## Task directions
What are the lines, word for word, from the line with "Maxcorners Tuna Fishing" up to and including the line with "Hand Woven Cotton Hand Towel | Indigo" in the records below? Omit the pictures.

## Provided entries
══════

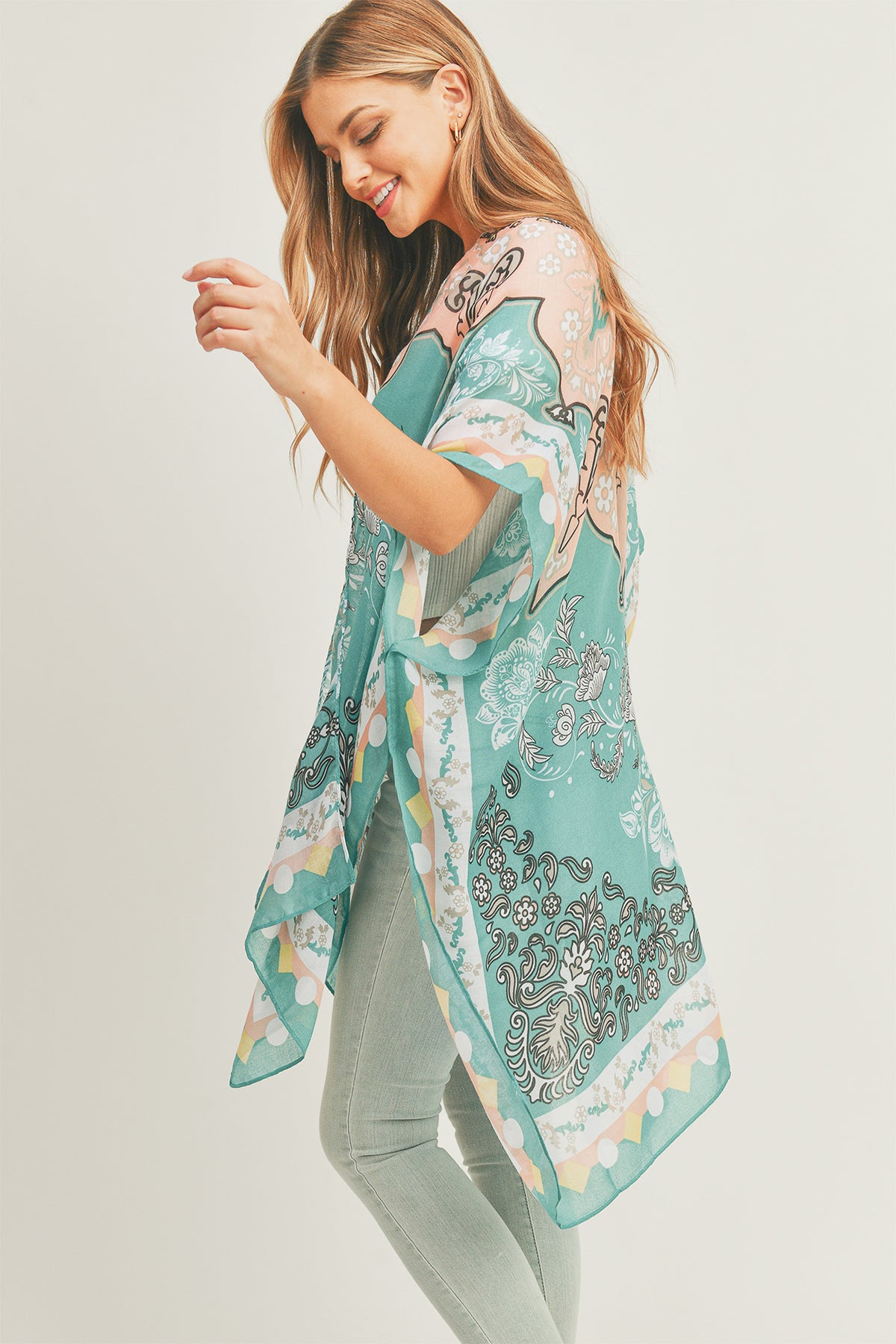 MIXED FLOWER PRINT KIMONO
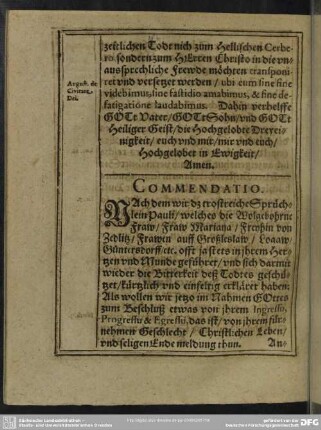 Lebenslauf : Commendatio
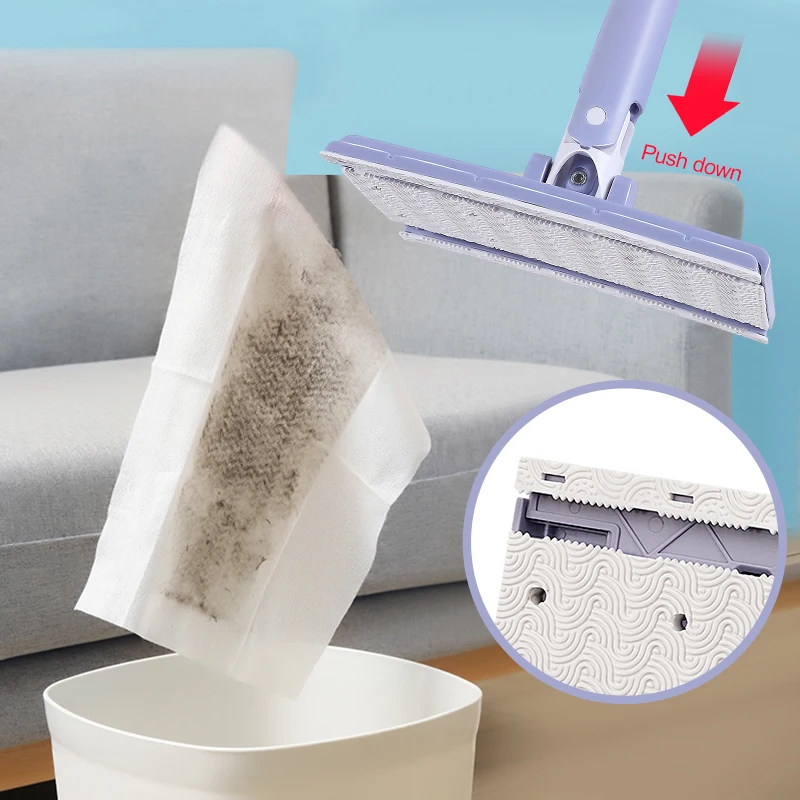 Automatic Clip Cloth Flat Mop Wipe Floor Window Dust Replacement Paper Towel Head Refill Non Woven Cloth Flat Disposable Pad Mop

══════

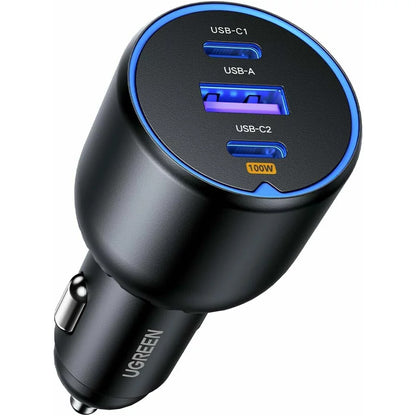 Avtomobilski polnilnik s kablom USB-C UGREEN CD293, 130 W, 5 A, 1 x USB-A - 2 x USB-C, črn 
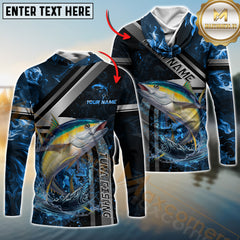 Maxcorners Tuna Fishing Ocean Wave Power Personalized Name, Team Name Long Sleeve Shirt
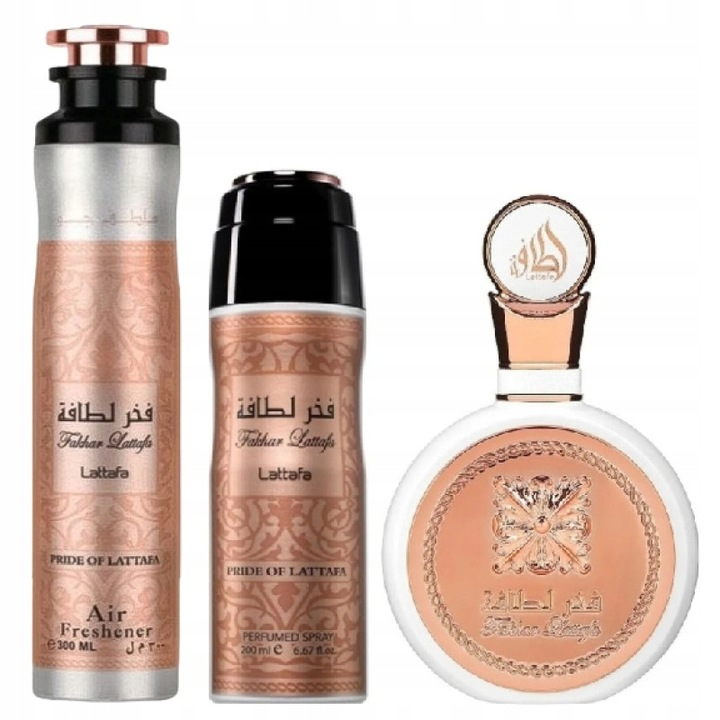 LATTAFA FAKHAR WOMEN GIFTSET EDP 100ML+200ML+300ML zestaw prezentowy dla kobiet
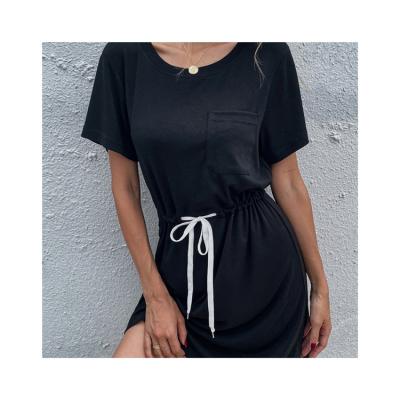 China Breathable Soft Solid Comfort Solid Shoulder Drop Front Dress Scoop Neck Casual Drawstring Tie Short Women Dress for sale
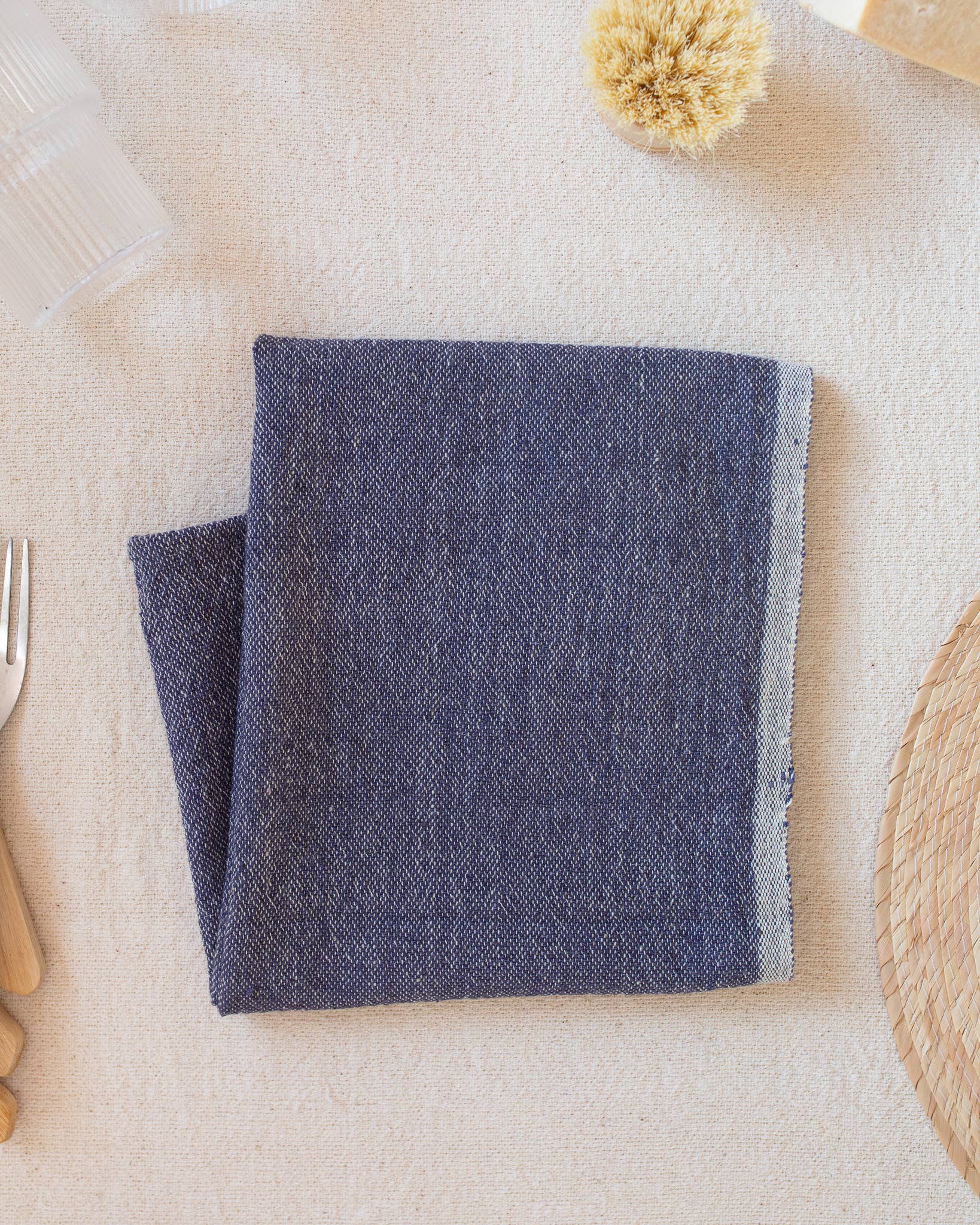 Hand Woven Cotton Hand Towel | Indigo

══════

## Task response
 Maxcorners Tuna Fishing Ocean Wave Power Personalized Name, Team Name Long Sleeve Shirt
 LATTAFA FAKHAR WOMEN GIFTSET EDP 100ML+200ML+300ML zestaw prezentowy dla kobiet
 China Breathable Soft Solid Comfort Solid Shoulder Drop Front Dress Scoop Neck Casual Drawstring Tie Short Women Dress for sale
 Hand Woven Cotton Hand Towel | Indigo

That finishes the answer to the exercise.